Adam Scott had always appeared destined for Major Championship glory.
A six-foot tall surf dude with dazzling good looks and a Tiger Woods-like swing, he turned professional shortly after the start of the 21st century and wasted little time proving himself.
He tasted early victories on the European Tour and successfully transferred his talents to the PGA Tour.
Scott seemed all set to follow in the footsteps of his great hero Greg Norman.
Unfortunately, in the 2012 British Open at Royal Lytham & St Annes, he did just that, but not in the manner he would have wished.

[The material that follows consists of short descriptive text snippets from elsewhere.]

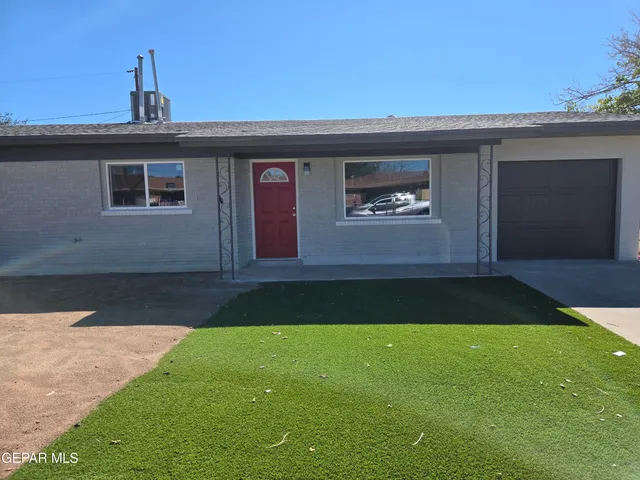 a front view of house with yard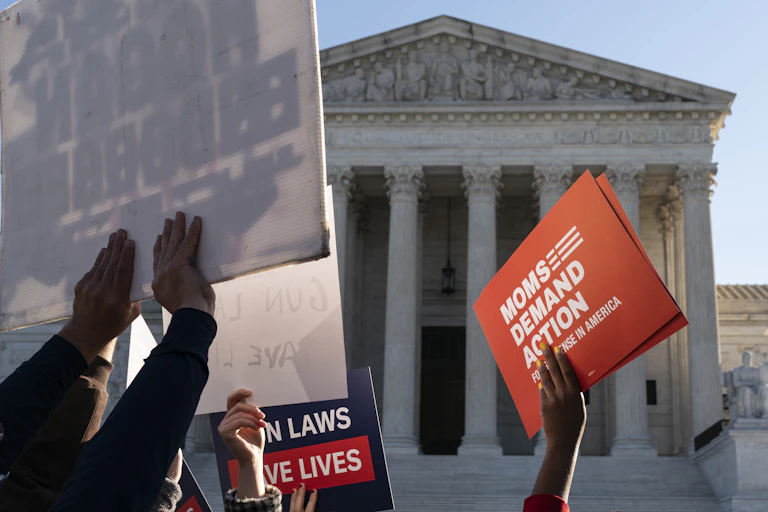 Pro-gun restrction placards are held aloft in front of the Supreme Court building.
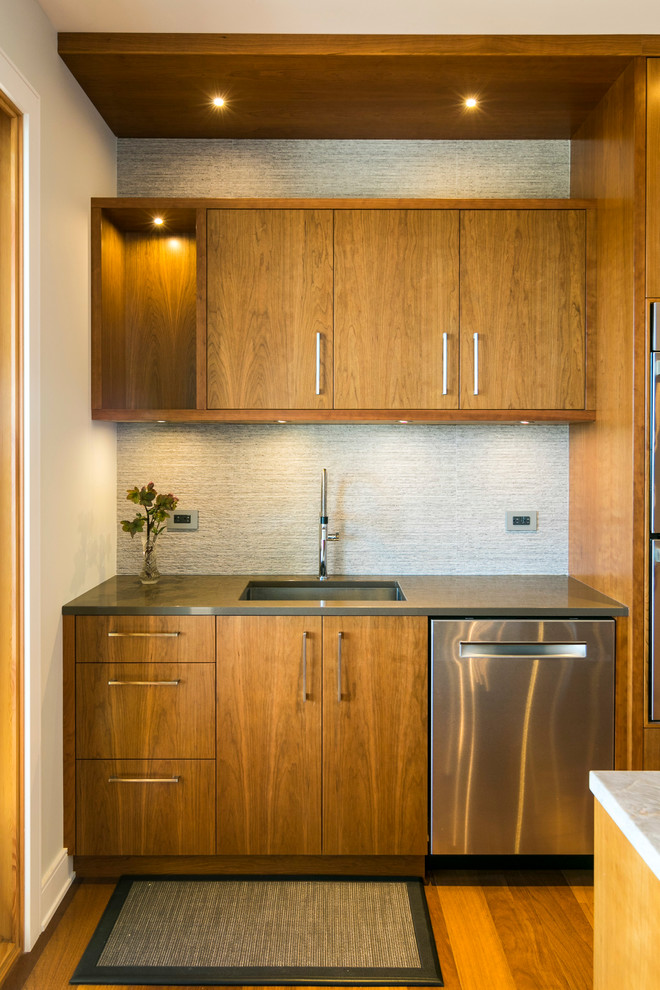 Mid-sized minimalist l-shaped medium tone wood floor open concept kitchen photo in Vancouver with an undermount sink, flat-panel cabinets, medium tone wood cabinets, marble countertops, beige backsplash, matchstick tile backsplash, stainless steel appliances and an island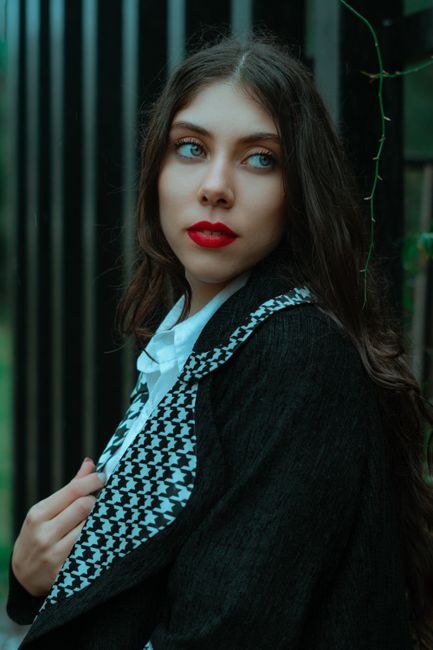 Side view of young female with long dark and red lips leaning on metal fence and looking away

Rewind 12 years and a wait of more than a decade for a first Major win seemed impossible to imagine as Queenslander Scott took to the European Tour like a fish to the Great Barrier Reef.
In 2000 he'd earned a full card in just eight starts and then kicked off the 2001 season with a maiden victory in the Alfred Dunhill Championship.
The following season he added the Qatar Masters, finished top ten on his Masters debut, and then claimed the Scottish PGA Championship at Gleneagles by no less than ten shots.
There was yet another win in Europe in 2003 (the Scandinavian Masters), a first win on the PGA Tour at the Deutsche Bank Championship and he also lost to Woods in the semi-final of the World Golf Championship World Match Play.
The trajectory continued to head skyward the following year as he became, at 23 years of age, the youngest-ever winner of the Players' Championship, the self-anointed fifth major.
While he continued to win around the world, and even add the PGA's Tour Championship in 2006, a worrying trend was establishing itself at the very highest level.
Indeed, throughout his first decade as a professional, Scott would complete only four top ten finishes in the Majors, his record in the WGC was little better, and in 2009 he even dropped out of the world's top 50.
The recovery began in 2011, starting with a taste of contending for Australia's first Green Jacket at the Masters before finishing tied second with compatriot Jason Day.
Later that summer he won the WGC Bridgestone Invitational before adding two more Major Championship top ten finishes at the end of 2011 and start of 2012.
In his final start before heading to Lytham, Scott finished third at the AT&T National.
"The purpose of coming here was to get a result before the Open and build up a bit of confidence," he said. "I think I've done that."
He also had a secret weapon: Tiger Woods' ex-caddie Steve Williams had been on his bag on and off for a couple of years and was traveling to England.
Scott's record in the British Open was far from impressive with just the one top 10 in 12 starts and that was a mere tied eighth, but Williams had a good feeling because he knew it was the Aussie's favorite tournament.
When he carded rounds of 64-67-68 to open up a four-shot 54-hole lead Scott felt vindicated.
"This is the culmination of everything I've done over the last couple of years," he said.
"This is the path I've been going down and I've been close to this all year."
His advantage was great, but he was also well aware that he was being hunted by a pack of high-quality performers, four of them already major championship winners.
Graeme McDowell and Brandt Snedeker were tied second, Tiger Woods alone in fourth, Ernie Els and Zach Johnson were tied fifth.
"It's a great leaderboard and the course is a big challenge too," Scott said. "We didn't see anyone go really low today, so that's comforting to me."
He added that there were three factors in his favor.
"If I play well, it will be hard for someone to shoot 63 or 64.
"I've also got a pretty good record from having the lead. Throughout my career somehow I've been able to handle that situation fairly well most of the time.
"And it's a benefit to have a guy like Steve, any experienced caddie on the bag."
Just 24 hours later Scott seemed to be proving himself correct.
He still led the British Open by four strokes and now there were only four holes left to play.
Of those golfers chasing him, none had threatened to shoot 63 or 64.
Ernie Els was performing best, holing for birdie on the final hole for a 68, but it seemed too little too late.
And then everything changed.
Scott, who had cried when watching his hero Norman collapse at the 1996 Masters, was about to suffer an appalling deja vu-like nightmare of his own.
He made bogey at the 15th.
Then also at the 16th.
Another at the 17th.
And finally a fourth in a row on the 18th to lose by one.
"I can't justify anything that I've done out there," he said afterward. "I didn't finish the tournament well today."
Drained by the experience he then graciously accepted one final question from the media.
"Can I ask you about your local connections," a voice asked. "Did your grandmother have a house overlooking the course?"
There was laughter in the room and Scott himself joined in.
"My grandmother was from Wales, actually, but my dad's aunt lived behind the ninth green once," he said with a smile. "That's the best I've got for you."
He was beaten on the golf course that day in 2012.
But with those words, Scott had proved himself a winner off it.